Die Hitze, das Sich-Sortieren, die Wünsche aufeinander abstimmen, ausgiebiges Frühstücken, wir kommen nicht recht vom Fleck.
Einkaufen müssen wir auch noch. Versuche jedes mal, Steffi davon zu überzeugen, die Gepäckmenge gering zu halten. Aber ohne Kekse, Buch, Reiseführer, Schal, Wasserflasche, Fotoapparat geht sie nicht los. Und wenn das so ist, kann ich ja noch ein zusätzliches Buch in ihren Rucksack stecken. Und Gerda.
Da ich meine Zahnbürste in Washington liegengelassen habe, kaufe ich nun hier eine in der Drogerie. Aber da wir nun mal langsam aufbrechen müssen, bestehe ich darauf, mir meine Zähne unterwegs zu putzen und jetzt nicht noch mal ins Hostel zurückzulatschen.
Die Gegend hier war lange Zeit deutsch geprägt. Man erschrickt immer ein bisschen.

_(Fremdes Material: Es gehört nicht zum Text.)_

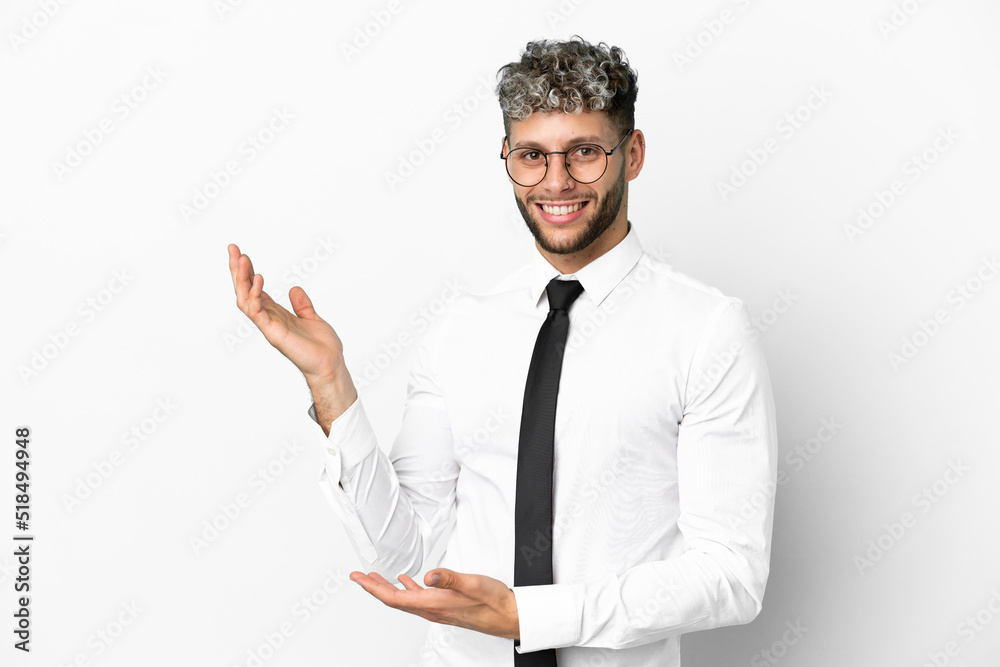 Business caucasian man isolated on white background extending hands to the side for inviting to come Business caucasian man isolated on white background extending hands to the side for inviting to come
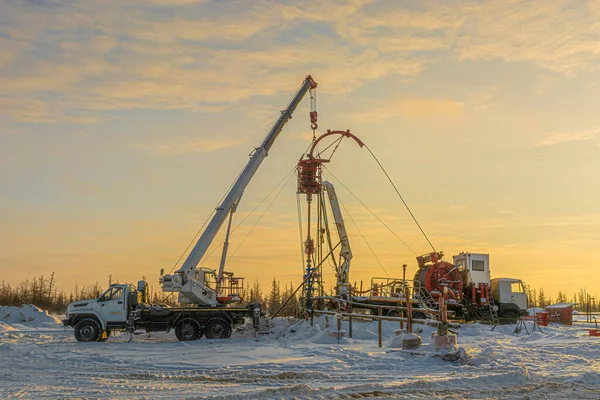 stock image Equipment with a flexible pipe for descent to a well when it is mastered on the northern gas field. Application of flexible tube in wells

Spazieren Richtung Süden am East River entlang. In New York muss ich immer erst kurz überlegen, wo East und wo West ist. Zwar weiß ich meistens, wo ich gerade bin, dass Straßensystem ist für einen Orientierungsidioten wie mich geradezu geschaffen, aber ob wir jetzt in der Upper East oder Upper West wohnen, kann ich erst sagen, wenn ich es mir vor Augen führe. Genauso geht es mir mit dem Hudson und dem East River. Queens auf der anderen Seite. So langsam fängt Steffi an, die Stadt zu genießen. Ein zehn Quadratmeter großer Park. Ich putze mir die Zähne. Das teure Mineralwasser!

Nun also in den Central Park. Habe Steffi schon so viel davon vorgeschwärmt, dass ich fast befürchte, sie könne enttäuscht sein. Aber wie kann man den Central Park nicht lieben. Eine Oase in der schnellsten Stadt der Welt. Beinahe wie in Tucholskys Gedicht "Das Ideal"

Ja, das möchtste: Eine Villa im Grünen mit großer Terrasse,
vorn die Ostsee, hinten die Friedrichstraße
(…)

Kekse und Hot Dogs. Ruhe.

*

Die Ruhe wird nach und nach gestört durch immer näher kommende Humptata-Musike. Wir tippen auf Familienunterhaltung, wahrscheinlich wegen der kreischenden Kinder. Aber es ist, wie wir später erfahren, griechischer Unabhängigkeitstag, und den zelebrieren die Griechen, wie alle anderen in New York, mit einer Parade.
Und noch einmal treffen mit Rebecca, ihren Kindern und ihrem alten Dad, der mir vor sechs Jahren unermüdlich die UCB empfahl, bis ich schließlich nachgab und eines der großartigsten Improtheater erlebte. Der Zoo von Manhattan freilich mickrig. Da bietet selbst Eberswalde mehr. Immerhin Pinguine und zufällig ist auch gerade Fütterung. Gerda stiehlt den "echten" Tieren beinahe die Show.

 

Am Lennon-Gedenkstein. Yoko wohnt immer noch im Dakota Building, man könne sie manchmal hinter den Fenstern sehen, und am 8. Dezember steht immer eine Kerze im Fenster.


Suchbild: Finde die Yoko

*

Am Abend geben wir dem UCB noch eine zweite Chance. Wieder eine Enttäuschung. Vulgäre Sexphantasien ohne Witz. Man hat langsam den Kanal voll. Und die Toleranzschwelle verschiebt sich, bis man schon angewidert reagiert, wenn überhaupt Sex erwähnt wird. Man kann ihnen noch zugute halten, dass sie jung sind und in der Phase sind, die Keith Johnstone als "obszön und psychotisch" beschreibt, d.h. man muss da mal durch, um es hinter sich zu lassen. Das Tabu brechen, um sich der eigenen Freiheit zu vergewissern und letztlich auch zu erkennen, wo das Tabu überhaupt liegt. Aber es scheint fast Konzept zu sein. In dem Moment, wo eine Szene zwischen einem Liebespaar zärtlich zu werden droht, kann man schon darauf warten, dass die Schauspielerin aufspringt, sich obszön positioniert und "Fuck me!" schreit oder der männliche Spieler irgendwas von Schwanzlutschen oder Vergewaltigen erzählt. Vielleicht sollten die Amis das Wort Fuck endlich im Fernsehen zulassen, dann verlöre es seine Brisanz. Aber auch den Chefs des UCB scheint jeder Geschmack abhanden gekommen zu sein. Warum sonst würden sie mit einem Plakat werben, dass das berühmte Foto eines afghanischen Mädchens nutzt?


 "Schaut mal, wie frech und tabulos wir sind" oder was?